È un ritratto spietato dell’Inghilterra del ‘700. Con tutte le sue ipocrisie di corte e le ingiustizie di una società che vive la prima grande rivoluzione industriale. Come in tutte le rivoluzioni, i primi a pagare, se non gli unici, sono gli indifesi, gli invisibili, i senza voce.
Ursus è “un vecchio poeta latino”. Homo è un lupo. Insieme girovagano da una piazza all’altra della provincia inglese tirandosi dietro una baracca ambulante che è il loro tetto, il loro negozio, il loro palcoscenico. Sono soli sino a quando alla loro porta non bussa un ragazzo di appena dieci anni che è stato rapito e poi abbandonato. Ha fame. Ha freddo. Si chiama Gwynplaine. Tra le braccia stringe un fagotto e la sua faccia nasconde un terribile segreto.

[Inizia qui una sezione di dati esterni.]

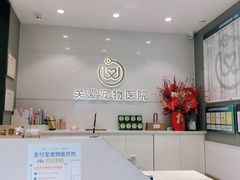 -关爱宠物医院·猫科中心·消化科(滨湖万达分院)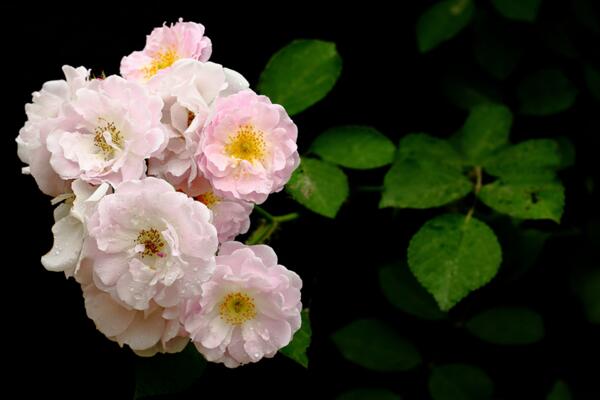 薔薇不開花怎么辦，加強光照并補充養(yǎng)分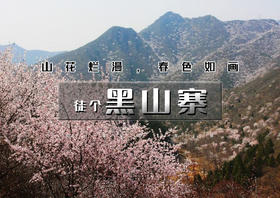 周末1日｜黑山寨｜漫山野桃花の黑山寨栈道环穿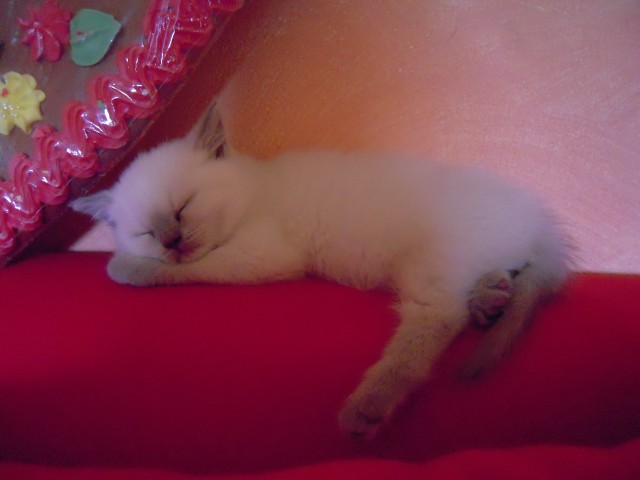 Britisch Kurzhaar Colourpoint Kitten - Colourpoint - Hohen Neuendorf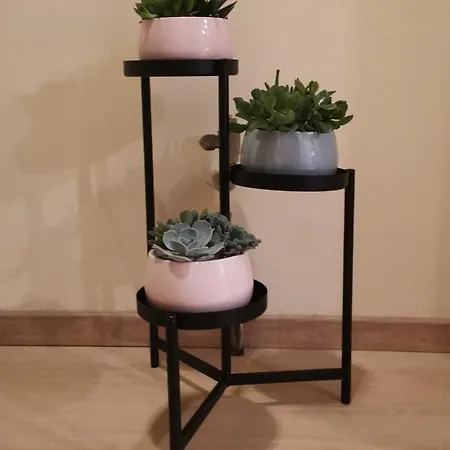 Laerte Palace Mogliano Veneto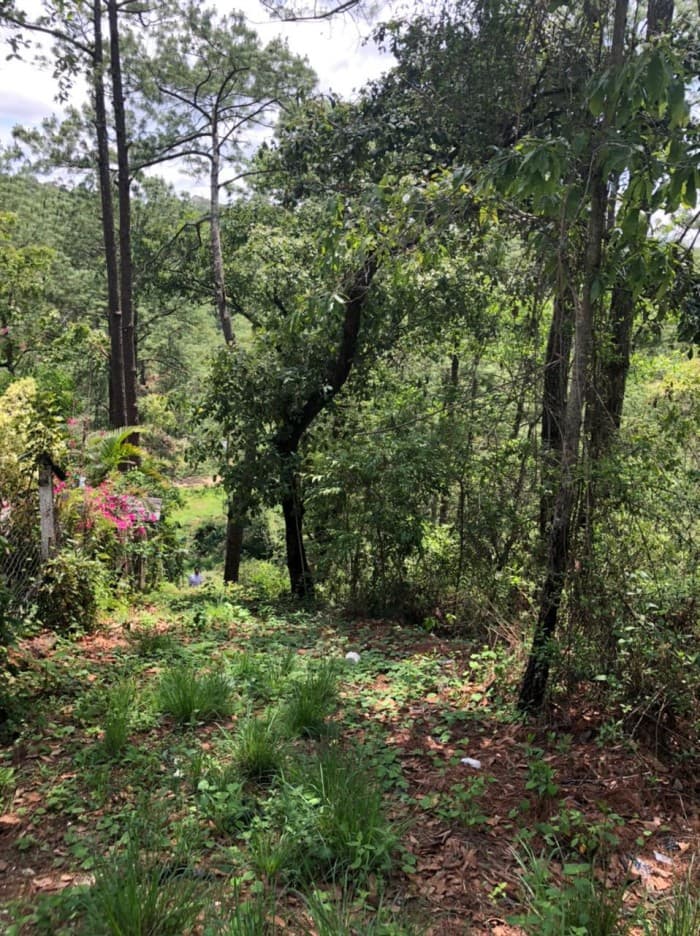 TERRENO EN HACIENDA DE LAS FLORES SAN JUAN SACATEPEQUEZ - foto 1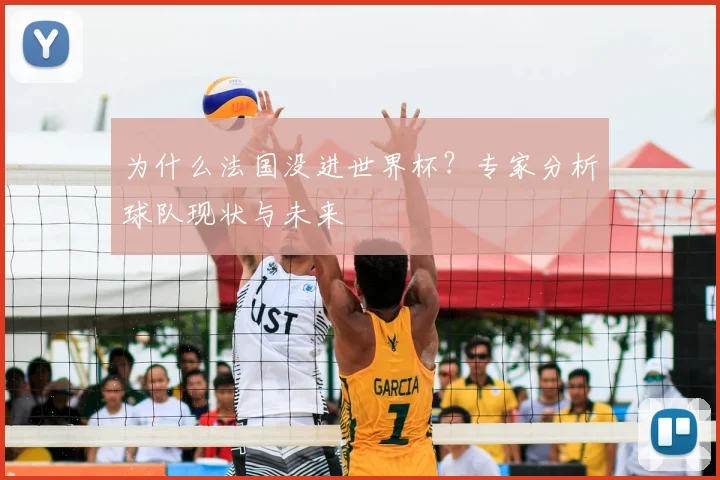 为什么法国没进世界杯?专家分析球队现状与未来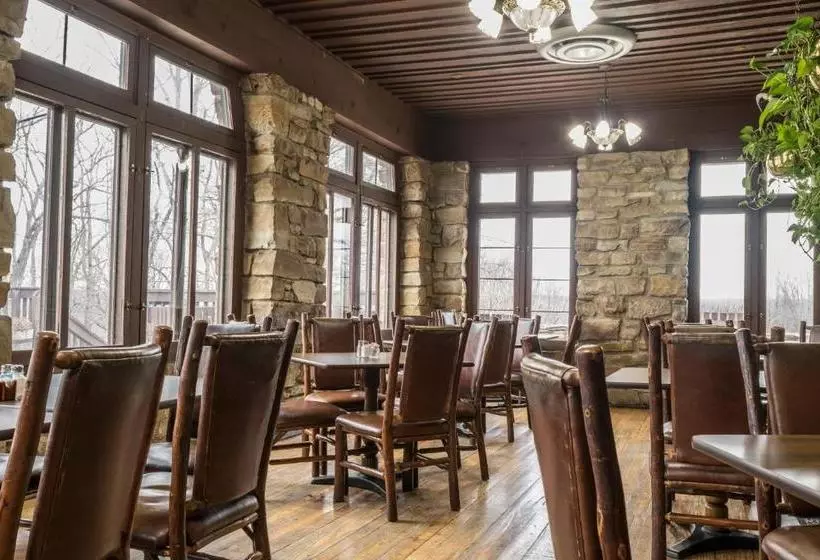 ホテル Abe Martin Lodge & Cabins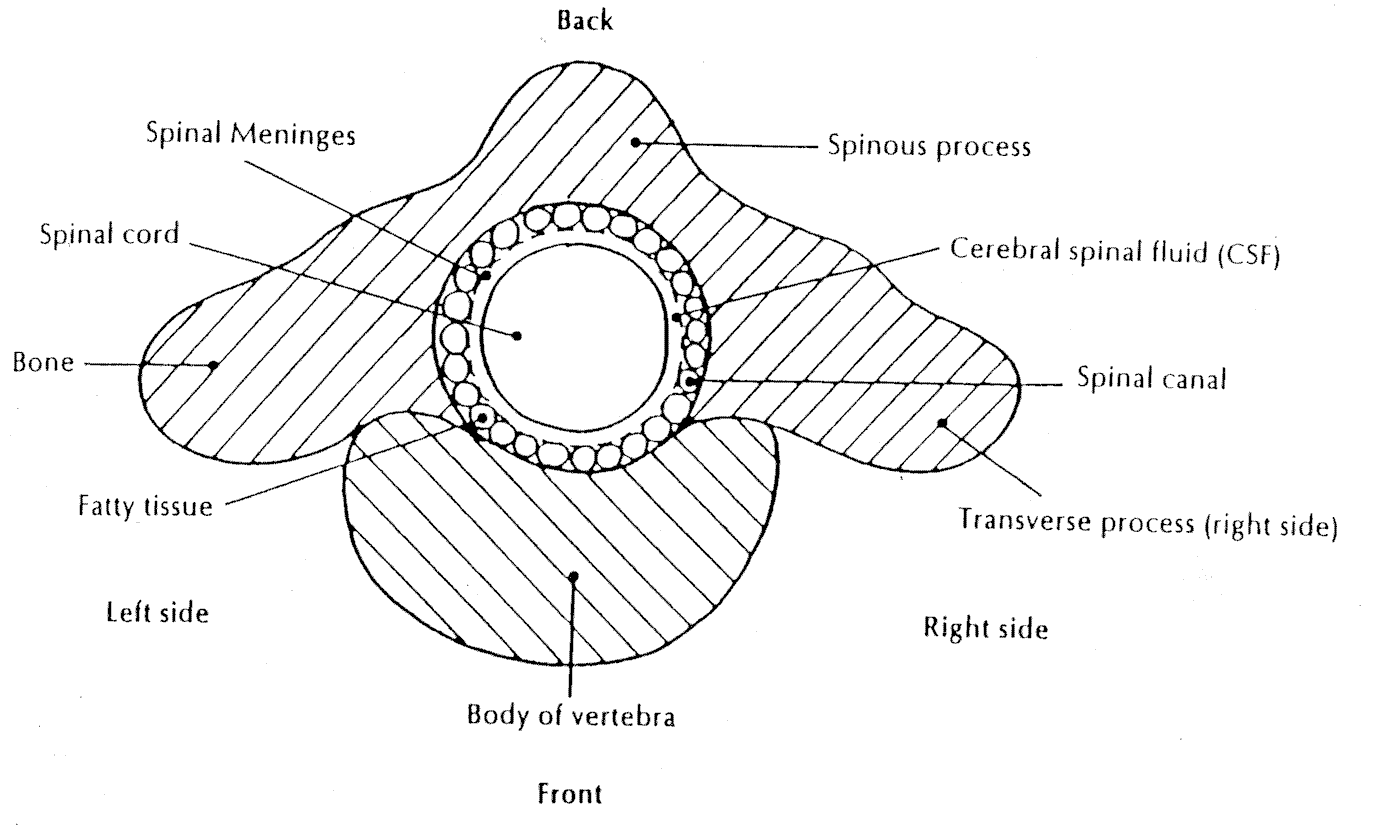 Normal spine.gif (38028 bytes)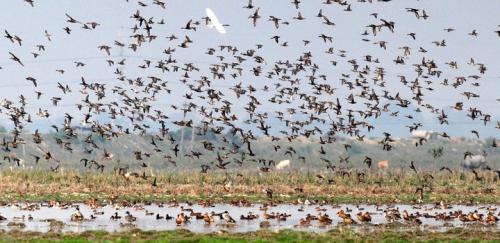 Migratory birds in pobitora wildlife sanctuary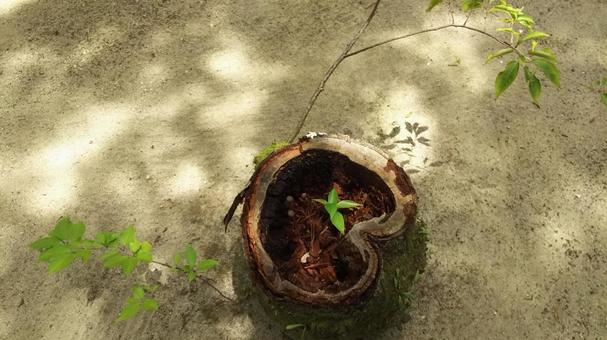 切り株 切り株,自然,植物の写真素材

Tutti, a loro modo, sono dei ribelli in un mondo in cui la crudeltà è la regola, in cui basta una parola per finire nelle mani del boia o dimenticato in una segreta. Un mondo che tollera il traffico di bambini destinati a essere trastullo di uomini, che fabbrica mostri in larga scala per popolare i caravanserragli delle fiere. Il suo “prodotto” migliore? L’uomo che ride. Una “quasi” leggenda. Il contenuto di una borraccia affidata all’oceano, sopravvissuta a centinaia di tempeste, poi ritrovata, scalfisce per un attimo le certezze di re e cortigiani, di milord e vescovi. Ma è solo un attimo. Poi è lo stesso oceano che si riprende ciò che poteva essere già suo.